Zygote documentation on custom adjoints states
dx/dy (in the notation from the docs) is the Jacobian when
y are vectors. I am struggling in relating this to an implementation.
For a function
f : R^N -> R^M modeled with
f = Chain(Dense(N, H, tanh), Dense(H, M)) with hidden dimension
H, I intuitively thought
dy/dx would be an
MxN matrix, but as we all know intuition often fails so I experimented a bit. Running
using Flux, Zygote N, M, H = 2, 3, 16 g = Chain(Dense(N, H, tanh), Dense(H, M)) x = randn(N, 1) y, back = Zygote.pullback(g, x) back()

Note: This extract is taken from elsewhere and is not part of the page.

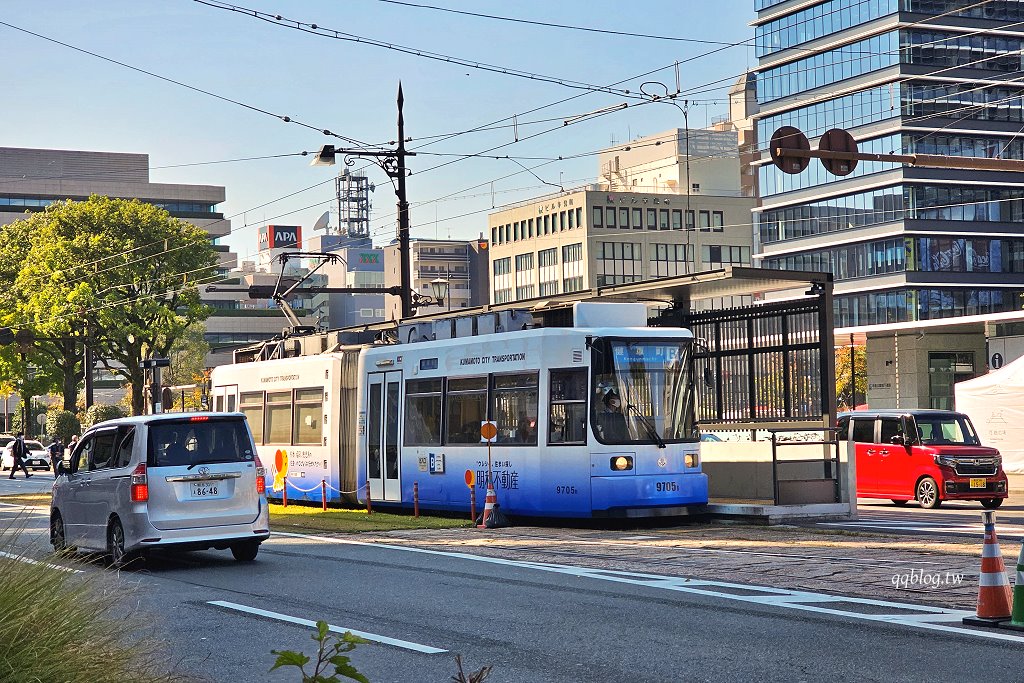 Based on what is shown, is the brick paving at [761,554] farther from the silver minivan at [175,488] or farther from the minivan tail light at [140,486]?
the minivan tail light at [140,486]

DimensionMismatch("matrix A has dimensions (16,3), matrix B has dimensions (0,1)") so it looks like
dy/dx is an
MxH matrix. Okay, cool, I guess this is the first matrix multiplication in the first
back call. But do I even get an
MxN matrix if I compute the back pass? No, running
back(ones(size(y)...)) returns an
Nx1 matrix. So how would I compute the “MxN” Jacobian?
I am clearly not thinking about this the right way. Could someone give me some pointers to this problem please? Reading the documentation has unfortunately not made it “click” for me.